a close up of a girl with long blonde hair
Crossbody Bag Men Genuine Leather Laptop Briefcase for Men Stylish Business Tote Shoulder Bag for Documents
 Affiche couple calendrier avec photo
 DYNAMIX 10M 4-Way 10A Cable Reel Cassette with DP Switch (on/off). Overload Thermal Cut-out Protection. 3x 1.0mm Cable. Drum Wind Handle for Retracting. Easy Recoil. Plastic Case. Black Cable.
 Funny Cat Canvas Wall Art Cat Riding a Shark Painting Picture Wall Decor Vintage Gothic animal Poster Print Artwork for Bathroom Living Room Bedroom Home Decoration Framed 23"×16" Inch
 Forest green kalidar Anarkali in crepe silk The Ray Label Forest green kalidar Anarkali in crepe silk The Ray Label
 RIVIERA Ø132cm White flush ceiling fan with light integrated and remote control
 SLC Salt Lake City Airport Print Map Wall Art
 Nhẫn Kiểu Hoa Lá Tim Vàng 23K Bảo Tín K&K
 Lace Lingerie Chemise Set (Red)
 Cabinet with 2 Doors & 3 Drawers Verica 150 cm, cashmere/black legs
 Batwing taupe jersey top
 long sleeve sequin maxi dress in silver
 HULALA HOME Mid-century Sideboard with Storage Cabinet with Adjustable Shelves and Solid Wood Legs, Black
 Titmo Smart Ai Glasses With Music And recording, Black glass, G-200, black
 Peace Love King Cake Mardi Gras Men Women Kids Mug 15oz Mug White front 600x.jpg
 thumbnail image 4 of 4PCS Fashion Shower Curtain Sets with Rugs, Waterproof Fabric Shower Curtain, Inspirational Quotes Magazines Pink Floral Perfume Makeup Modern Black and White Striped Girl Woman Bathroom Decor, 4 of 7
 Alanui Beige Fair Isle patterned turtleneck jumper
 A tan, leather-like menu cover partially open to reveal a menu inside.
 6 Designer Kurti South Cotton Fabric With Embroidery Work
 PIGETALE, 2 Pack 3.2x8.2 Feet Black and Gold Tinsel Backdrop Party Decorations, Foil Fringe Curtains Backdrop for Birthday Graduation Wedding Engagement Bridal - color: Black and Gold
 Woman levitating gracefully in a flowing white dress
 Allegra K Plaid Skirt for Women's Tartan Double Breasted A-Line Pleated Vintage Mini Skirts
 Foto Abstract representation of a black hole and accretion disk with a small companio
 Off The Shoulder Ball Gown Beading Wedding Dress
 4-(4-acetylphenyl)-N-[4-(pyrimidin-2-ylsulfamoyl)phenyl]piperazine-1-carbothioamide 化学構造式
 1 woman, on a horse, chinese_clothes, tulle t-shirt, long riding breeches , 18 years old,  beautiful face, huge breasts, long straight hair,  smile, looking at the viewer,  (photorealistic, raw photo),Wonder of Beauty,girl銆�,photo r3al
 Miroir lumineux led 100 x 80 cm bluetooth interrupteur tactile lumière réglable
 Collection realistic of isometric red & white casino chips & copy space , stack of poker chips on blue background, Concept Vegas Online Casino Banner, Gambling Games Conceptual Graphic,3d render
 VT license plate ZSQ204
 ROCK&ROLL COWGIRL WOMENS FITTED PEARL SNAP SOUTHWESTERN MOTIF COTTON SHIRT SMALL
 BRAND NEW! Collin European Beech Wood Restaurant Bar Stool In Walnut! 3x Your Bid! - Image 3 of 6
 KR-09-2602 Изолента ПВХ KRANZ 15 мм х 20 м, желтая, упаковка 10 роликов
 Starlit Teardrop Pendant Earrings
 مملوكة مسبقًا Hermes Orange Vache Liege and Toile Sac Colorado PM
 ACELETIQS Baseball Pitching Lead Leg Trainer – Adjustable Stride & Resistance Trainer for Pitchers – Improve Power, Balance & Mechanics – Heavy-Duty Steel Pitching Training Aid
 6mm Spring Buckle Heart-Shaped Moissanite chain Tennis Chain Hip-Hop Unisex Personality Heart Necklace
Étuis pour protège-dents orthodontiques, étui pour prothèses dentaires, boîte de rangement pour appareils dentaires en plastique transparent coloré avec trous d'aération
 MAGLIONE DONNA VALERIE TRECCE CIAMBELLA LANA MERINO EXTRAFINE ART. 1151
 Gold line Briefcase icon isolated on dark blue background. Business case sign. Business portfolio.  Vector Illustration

> EXERCISE GOAL: Print all of the entries exactly as they appear.

> RESPONSE BELOW:
a close up of a girl with long blonde hair
Crossbody Bag Men Genuine Leather Laptop Briefcase for Men Stylish Business Tote Shoulder Bag for Documents
 Affiche couple calendrier avec photo
 DYNAMIX 10M 4-Way 10A Cable Reel Cassette with DP Switch (on/off). Overload Thermal Cut-out Protection. 3x 1.0mm Cable. Drum Wind Handle for Retracting. Easy Recoil. Plastic Case. Black Cable.
 Funny Cat Canvas Wall Art Cat Riding a Shark Painting Picture Wall Decor Vintage Gothic animal Poster Print Artwork for Bathroom Living Room Bedroom Home Decoration Framed 23"×16" Inch
 Forest green kalidar Anarkali in crepe silk The Ray Label Forest green kalidar Anarkali in crepe silk The Ray Label
 RIVIERA Ø132cm White flush ceiling fan with light integrated and remote control
 SLC Salt Lake City Airport Print Map Wall Art
 Nhẫn Kiểu Hoa Lá Tim Vàng 23K Bảo Tín K&K
 Lace Lingerie Chemise Set (Red)
 Cabinet with 2 Doors & 3 Drawers Verica 150 cm, cashmere/black legs
 Batwing taupe jersey top
 long sleeve sequin maxi dress in silver
 HULALA HOME Mid-century Sideboard with Storage Cabinet with Adjustable Shelves and Solid Wood Legs, Black
 Titmo Smart Ai Glasses With Music And recording, Black glass, G-200, black
 Peace Love King Cake Mardi Gras Men Women Kids Mug 15oz Mug White front 600x.jpg
 thumbnail image 4 of 4PCS Fashion Shower Curtain Sets with Rugs, Waterproof Fabric Shower Curtain, Inspirational Quotes Magazines Pink Floral Perfume Makeup Modern Black and White Striped Girl Woman Bathroom Decor, 4 of 7
 Alanui Beige Fair Isle patterned turtleneck jumper
 A tan, leather-like menu cover partially open to reveal a menu inside.
 6 Designer Kurti South Cotton Fabric With Embroidery Work
 PIGETALE, 2 Pack 3.2x8.2 Feet Black and Gold Tinsel Backdrop Party Decorations, Foil Fringe Curtains Backdrop for Birthday Graduation Wedding Engagement Bridal - color: Black and Gold
 Woman levitating gracefully in a flowing white dress
 Allegra K Plaid Skirt for Women's Tartan Double Breasted A-Line Pleated Vintage Mini Skirts
 Foto Abstract representation of a black hole and accretion disk with a small companio
 Off The Shoulder Ball Gown Beading Wedding Dress
 4-(4-acetylphenyl)-N-[4-(pyrimidin-2-ylsulfamoyl)phenyl]piperazine-1-carbothioamide 化学構造式
 1 woman, on a horse, chinese_clothes, tulle t-shirt, long riding breeches , 18 years old,  beautiful face, huge breasts, long straight hair,  smile, looking at the viewer,  (photorealistic, raw photo),Wonder of Beauty,girl銆�,photo r3al
 Miroir lumineux led 100 x 80 cm bluetooth interrupteur tactile lumière réglable
 Collection realistic of isometric red & white casino chips & copy space , stack of poker chips on blue background, Concept Vegas Online Casino Banner, Gambling Games Conceptual Graphic,3d render
 VT license plate ZSQ204
 ROCK&ROLL COWGIRL WOMENS FITTED PEARL SNAP SOUTHWESTERN MOTIF COTTON SHIRT SMALL
 BRAND NEW! Collin European Beech Wood Restaurant Bar Stool In Walnut! 3x Your Bid! - Image 3 of 6
 KR-09-2602 Изолента ПВХ KRANZ 15 мм х 20 м, желтая, упаковка 10 роликов
 Starlit Teardrop Pendant Earrings
 مملوكة مسبقًا Hermes Orange Vache Liege and Toile Sac Colorado PM
 ACELETIQS Baseball Pitching Lead Leg Trainer – Adjustable Stride & Resistance Trainer for Pitchers – Improve Power, Balance & Mechanics – Heavy-Duty Steel Pitching Training Aid
 6mm Spring Buckle Heart-Shaped Moissanite chain Tennis Chain Hip-Hop Unisex Personality Heart Necklace
Étuis pour protège-dents orthodontiques, étui pour prothèses dentaires, boîte de rangement pour appareils dentaires en plastique transparent coloré avec trous d'aération
 MAGLIONE DONNA VALERIE TRECCE CIAMBELLA LANA MERINO EXTRAFINE ART. 1151
 Gold line Briefcase icon isolated on dark blue background. Business case sign. Business portfolio.  Vector Illustration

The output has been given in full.